Range to copy from the entries below: the line containing "Holiday Inn Express" through the line containing "Etang au coeur", inclusive. Retype only those lines, exactly, without any images.

MATERIALS PROVIDED:
..............................

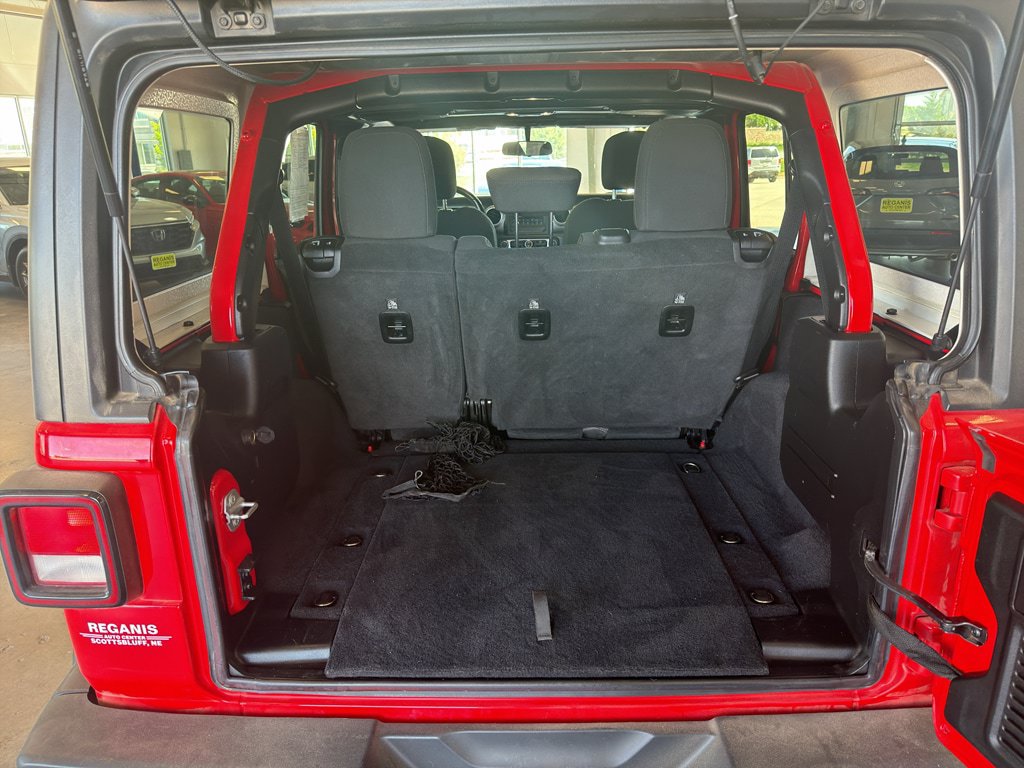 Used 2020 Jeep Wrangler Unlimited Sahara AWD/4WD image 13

..............................

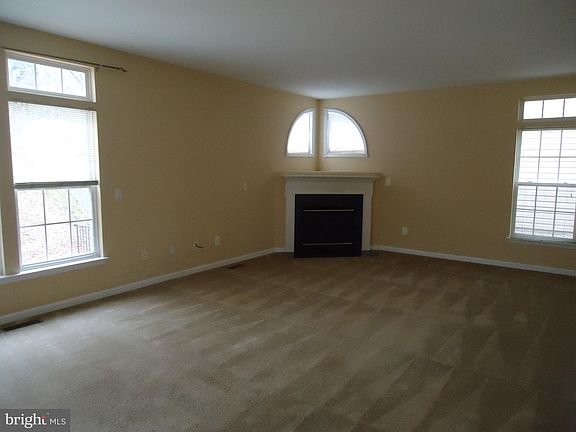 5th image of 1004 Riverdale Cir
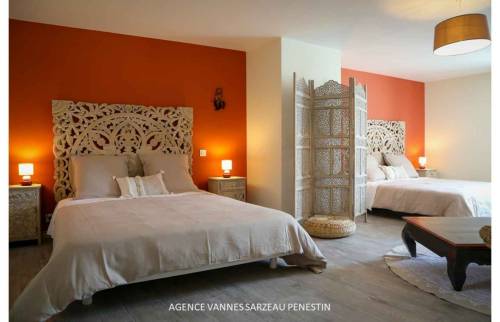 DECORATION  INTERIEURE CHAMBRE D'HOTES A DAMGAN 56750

..............................

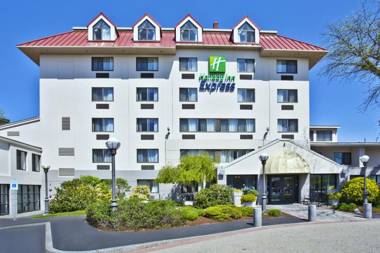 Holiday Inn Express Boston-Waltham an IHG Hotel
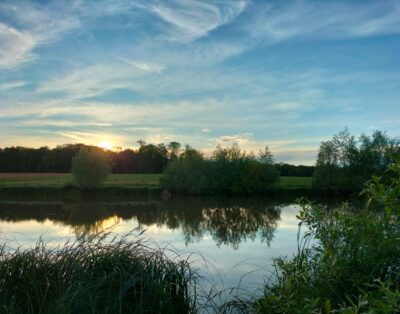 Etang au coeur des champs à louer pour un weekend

..............................

RESPONSE TO THE TASK:
 Holiday Inn Express Boston-Waltham an IHG Hotel
 Etang au coeur des champs à louer pour un weekend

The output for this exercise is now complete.